I have elastic setup and working using regular beats fine. I have since setup fleet and trying to add servers using that. however I am seeing a bunch of errors about pipelines not existing, only for certain items. See an example below.

[elastic_agent.metricbeat][warn] Cannot index event publisher.Event{Content:beat.Event{Timestamp:time.Time{wall:0xc04f1568a69c8d10, ext:3720939793352, loc:(*time.Location)(0x564bda2ce700)}, Meta:{"raw_index":"metrics-system.process.summary-default"}, Fields:{"agent":{"ephemeral_id":"aba05f5e-49d8-4c29-ab20-736ecfe5b833","hostname":"pacc-intranet.pac.internal","id":"556d8a1b-10b4-49f4-96b8-4951d95d460c","name":"pacc-intranet.pac.internal","type":"metricbeat","version":"7.15.0"},"data_stream":{"dataset":"system.process.summary","namespace":"default","type":"metrics"},"ecs":{"version":"1.11.0"},"elastic_agent":{"id":"556d8a1b-10b4-49f4-96b8-4951d95d460c","snapshot":false,"version":"7.15.0"},"event":{"dataset":"system.process.summary","duration":25277107,"module":"system"},"host":{"architecture":"x86_64","containerized":false,"hostname":"pacc-intranet.pac.internal","id":"822f79372d6b43fc9557929197ffcb48","ip":["192.168.200.30","fe80::e7fe:aca2:ad20:dd7d"],"mac":["00:50:56:ad:00:46"],"name":"pacc-intranet.pac.internal","os":{"family":"","kernel":"4.18.0-305.7.1.el8_4.x86_64","name":"Rocky Linux","platform":"rocky","type":"linux","version":"8.4 (Green Obsidian)"}},"metricset":{"name":"process_summary","period":10000},"service":{"type":"system"},"system":{"process":{"summary":{"dead":0,"idle":79,"running":1,"sleeping":139,"stopped":0,"total":219,"unknown":0,"zombie":0}}}}, Private:interface {}(nil), TimeSeries:true}, Flags:0x0, Cache:publisher.EventCache{m:common.MapStr(nil)}} (status=400): {"type":"illegal_argument_exception","reason":"pipeline with id [metrics-system.process.summary-1.1.2] does not exist"}, dropping event!

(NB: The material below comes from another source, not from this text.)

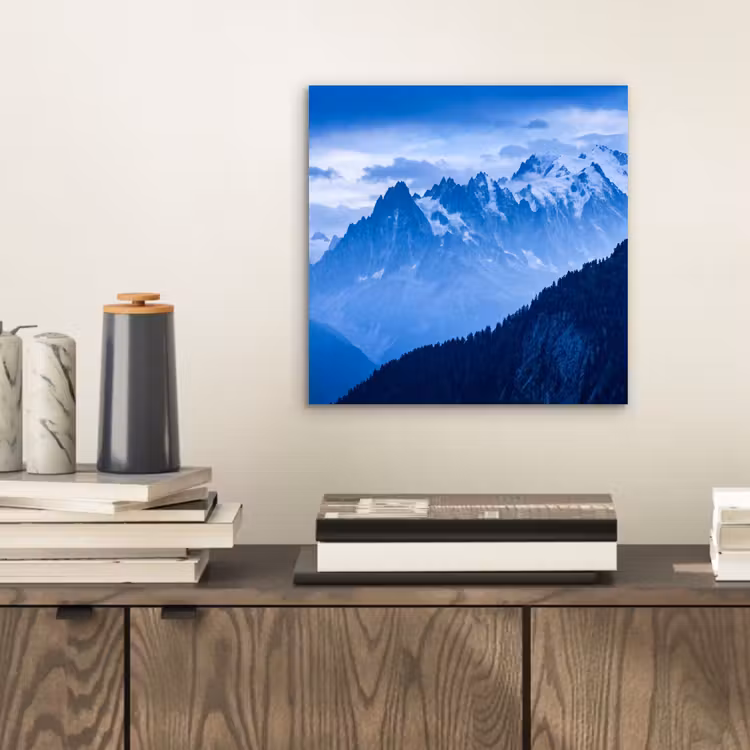 Alu-Dibond-Bild - Berge – Schnee – Blau — 2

I am also not getting any data actually put into my data streams I assume because the pipelines do not exist. Again only on some though. I did upgrade to 7.15 from 7.14 but I can't remember what date that was exactly.

Is fleet supposed to make these pipelines automatically, I would assume so because some are working and I've never made one?

1 Like

Hi @Heroj04 we're experiencing the same issue with a large quantity of logging (Just purged a 58GB metricbeat-json log file). We have recently upgraded to 7.15 from 7.14 as well. Happy to provide logs to assist in resolving this one.

No luck yet.
I have reinstalled elastic-agent on the clients. I've reinstalled the agent on the server. defined new policies. removed and readded certain integrations.
All to no avail so far.
I'm thinking about looking for a way to clean install all the fleet configuration in elastic again. cant seem to think of anything.

Sounds like you've dome a similar thing to me, I've also rolled over the indices to see if that would help, but looks like it hasn't. @ruflin does anyone on the elastic team have any suggestions as to what we may be doing wrong here? Oh and a clarification to my previous post, the 58GB log file is the local metricbeat log file on the host that the agent is installed on.

I have had this a few times when upgrading fleet versions, as i always upgrade with every minor version.

Something happens in the upgrade / migration of pipelines that an Integration is upgraded and the pipeline for the latest version is not there. Happens more when you just upgrade just an Integration and not the Fleet stack whilst upgrading the ELK stack.

The only way i have found around this was to totally remove every instance of the Fleet Server Policy and it's agent and start with a fresh Fleet Server & Agents install, totally removing all data, files and folders.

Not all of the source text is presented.